While the epithelial-to-mesenchymal transition (EMT) remains vitally important to normal physiological processes such as embryonic development, tissue remodeling, and wound healing, abnormal EMT activation by factors such as transforming growth factor-β (TGF-β) can induce the development of many of the hallmarks of aggressive cancers (Katsuno et al. and Liu, Ren, & ten Dijke). TGF-β signaling through cell surface complexes of type I and type II serine/threonine kinase receptors (TβRI and II) prompts SMAD protein complexes to cooperate with other transcription factors, inducing the transcription of genes encoding EMT-related transcription factors such as Snail Family Transcriptional Repressor 1 (SNAI1). Interestingly, enhancer RNAs - which facilitate local enhancer activities and enhancer-promoter looping to influence gene transcription (Sartorelli & Lauberth) - transcribed from a SNAI1 gene enhancer element enhance SNAI1 gene expression and promote EMT (Kumar et al.).

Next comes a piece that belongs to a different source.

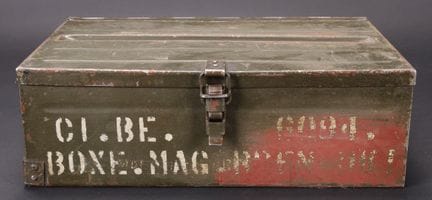Case for Bren magazines. Metal. Empty. The closure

While researchers from the laboratories of Qian Wang and Peter ten Dijke (Leiden University Medical Center) knew of studies that linked long non-coding RNAs to TGF-β/SMAD signaling modulation, they recognized that the interplay between enhancer RNAs and TGF-β/SMAD signaling in EMT remained relatively unexplored. In their recent Nature Communications study, the authors employed a CRISPR activation-based gain-of-function screen (Konermann et al.) in breast cancer cells to identify the SNAI1 enhancer RNA (SNAI1e) as a critically important activator of SNAI1 expression and enforcer of TGF-β/SMAD signaling in a mechanism that involves the transcriptional co-activator bromodomain containing protein 4 (BRD4) (Fan and Wang et al.). Overall, these findings suggest that BRD4 helps SNAI1e to increase cancer cell aggression by increasing SNAI1 expression and inducing EMT; do these two factors represent targets of interest in the battle against cancer?

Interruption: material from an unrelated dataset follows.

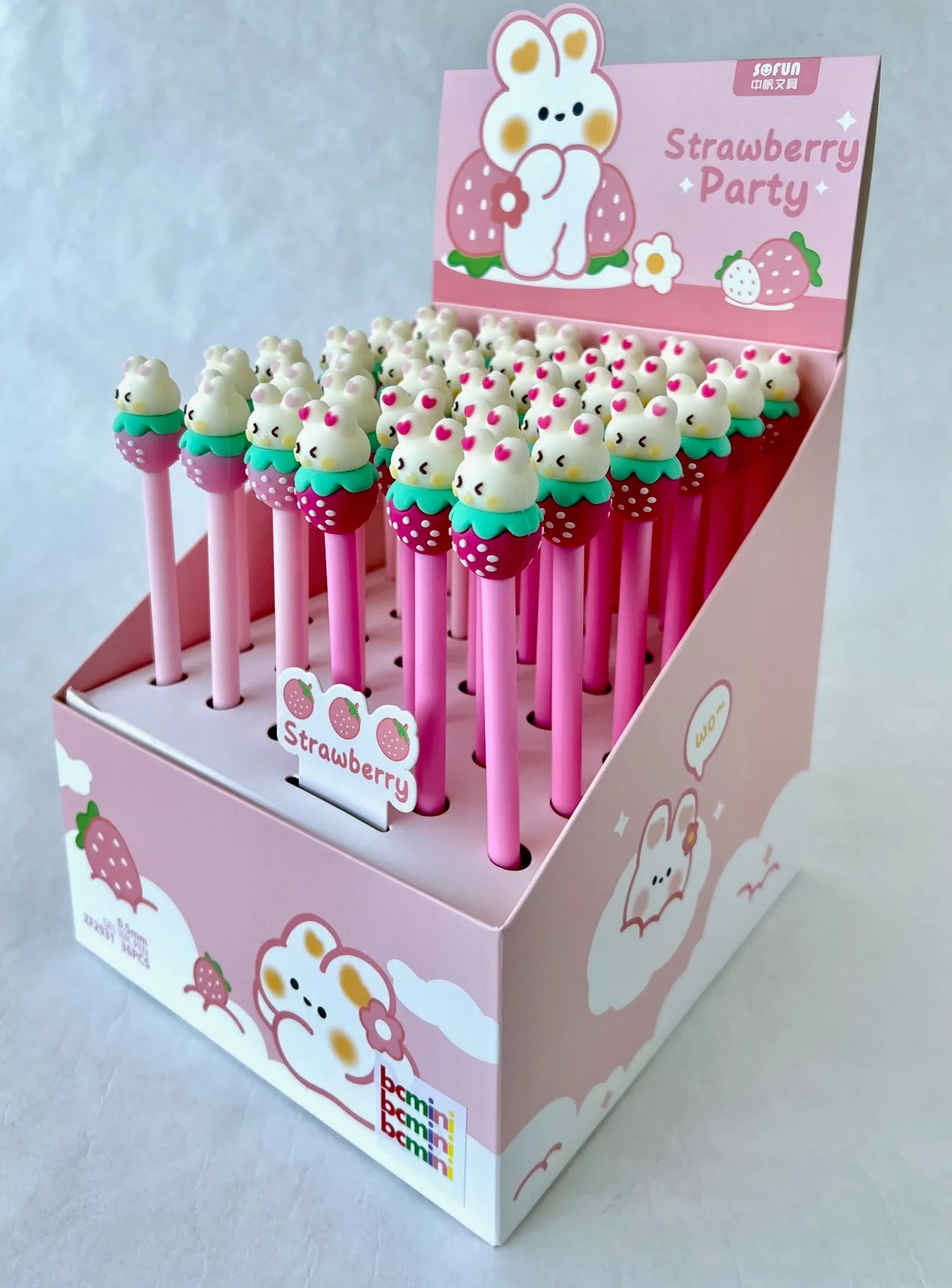 22517 STRAWBERRY RABBIT GEL PEN-36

BRD4-SNA1 Interactions Increase SNA1 Expression via SNA1 Gene Enhancer Activation
The study first identified the SCREEM2 (Kumar et al.) as the top hit in their screen for long non-coding RNA potentiators of TGF-β/SMAD signaling in breast cancer cells. As this previous study had demonstrated that SCREEM2 enhanced the expression of the nearby SNA1 gene, the authors renamed SCREEM2 as SNAI1 enhancer RNA or SNAI1e.
The authors highlighted higher SNAI1e expression levels in triple-negative breast cancer cells when compared to less-malignant breast cancer cell lines and normal breast cells; this data suggested a link between SNAI1e expression and tumor aggressiveness. Subsequent research revealed that TGF-β/SMAD signaling directly induced SNAI1e expression from the SNAI1 enhancer region, which associated with the enrichment of H3K27ac and H3K4me1 within the SNAI1e gene body region. Meanwhile, SNAI1e depletion in aggressive breast cancer cells significantly mitigated TGF-β-induced SNAI1 expression (suggesting that TGF-β/SMAD signaling induces SNAI1e expression to then promote SNAI1 expression in a feedforward loop) and impaired the induction of EMT and the appearance of aggressive cancer cell hallmarks. The authors also fully characterized and validated the SNAI1e gene body as an active enhancer by demonstrating direct and specific contact between the gene bodies of SNAI1e and SNAI1 by chromosome conformation analysis.
Further studies revealed that SNAI1e functions by promoting the activity of the SNAI1 enhancer by binding to BRD4 through two bromodomains (Rahnamoun et al.) and facilitating BRD4 enrichment at said enhancer through an association with the histone modification H3K27ac, which enhances SNAI1 expression and elevates the levels of the SNAI1 transcription factor. The authors suggest that SNA1e binding to BRD4 induces a conformational alteration that prompts enhanced interactions with acetylated histones and thereby enhances its function as a transcriptional co-activator. Finally, the team discovered that SNA1 also interacted with the inhibitory SMAD7 protein and anchored it in the nucleus, which antagonized TβRI polyubiquitination and proteasomal degradation and thereby enhanced TGF-β/SMAD signaling and EMT.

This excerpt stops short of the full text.